先表述一下思想：参考（http://topic.csdn.net/t/20061211/20/5223023.html）
1.写一段传统的JDBC程序，讲每条的用户信息从数据库读取出来
2.针对每条用户记录，建立一个lucene document
Document doc = new Document();
    并根据你的需要，将用户信息的各个字段对应luncene document中的field 进行添加，如：
doc.add(new Field( "NAME ", "USERNAME ", Field.Store.YES,Field.Index.UN_TOKENIZED));
    然后将该条doc加入到索引中，如： luceneWriter.addDocument(doc);
    这样就建立了lucene的索引库
3.编写对索引库的搜索程序（看lucene文档），通过对lucene的索引库的查找，你可以快速找到对应记录的ID
4.通过ID到数据库中查找相关记录

以下为程序：
//下星期弄全文精确高级检索，写完再贴代码
关于搜索searchIndex
1、首先，要知道Weight(接口)存在的目的：
使得检索不改变一个Query，使得Query可以重用。所以就出现了Weight，一个Weight可以保存与某次检索相关的IndexSearcher检索器的独立状态值。其实Weight间接保存了IndexSearcher索引器的独立状态信息。

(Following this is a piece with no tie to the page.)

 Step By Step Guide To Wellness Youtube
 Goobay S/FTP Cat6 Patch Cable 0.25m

每次检索，即初始化一个IndexSearcher检索器，都需要一个Query，例如
   Query query = new TermQuery(term);
    Hits hits = searcher.search(query);
而Query抽象了用户的检索意向信息，可以使用Query的public Query rewrite(IndexReader reader)方法来实现对先前的检索意向信息的修改(重写)。

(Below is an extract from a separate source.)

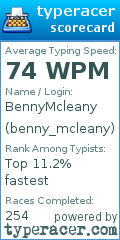 Scorecard for user benny_mcleany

用户的一次检索，是与一个Weight对应的，当然可以不保存本次检索相关的IndexSearcher检索器的状态信息到一个Weight中，这样的坏处就是Query不能重用，每次都要重新实例化一个。
Weight接口定义了如下的内容：
public interface Weight extends java.io.Serializable {
Query getQuery();    // 通过一个Weight可以获取到一个Query实例
float getValue();    // Weight相关的Query的权重值
float sumOfSquaredWeights() throws IOException;    // 一个Query可以有很多子句(比如一个BooleanQuery可以包含多个TermQuery子句)，获取到所有子句的权重值的平方
void normalize(float norm);    // 指派查询的标准化因子
Scorer scorer(IndexReader reader) throws IOException;   // 根据一个IndexReader，通过Weight获取得分
Explanation explain(IndexReader reader, int doc) throws IOException;    // 为编号为doc的Document设置计算得分的描述信息
}
2、其次，知道Sort类是为一次检索设定排序方式的。
这些排序的方式是在SortField类中定义的，一共定义了7种，当然包括客户化定制排序方式。
3、再次，知道Explanation类是关于某次检索中，封装了对某个Document的得分计算的描述。
4、接着，知道TopDocs类是关于某次实际的检索出来结果集的信息，包括Hits数量，及其最大得分的信息。TopDocs的子类TopFieldDocs类指定了排序方式(Sort)，为Fields进行排序。
5、然后，知道FieldSelector是一个筛选器接口，将某个Document中的满足接受条件的Field返回。在FieldSelector中定义了FieldSelectorResult accept(String fieldName);方法。
6、最后，理解TopDocCollector类的用于IndexSearcher的目的。其实TopDocCollector内部定义了一个collect()方法，该方法可以实现根据Document的得分来排序。TopDocCollector类继承自HitCollector，而HitCollector抽象类定义了实现查询(queries)、排序(sorting)、过滤(filtering)的功能。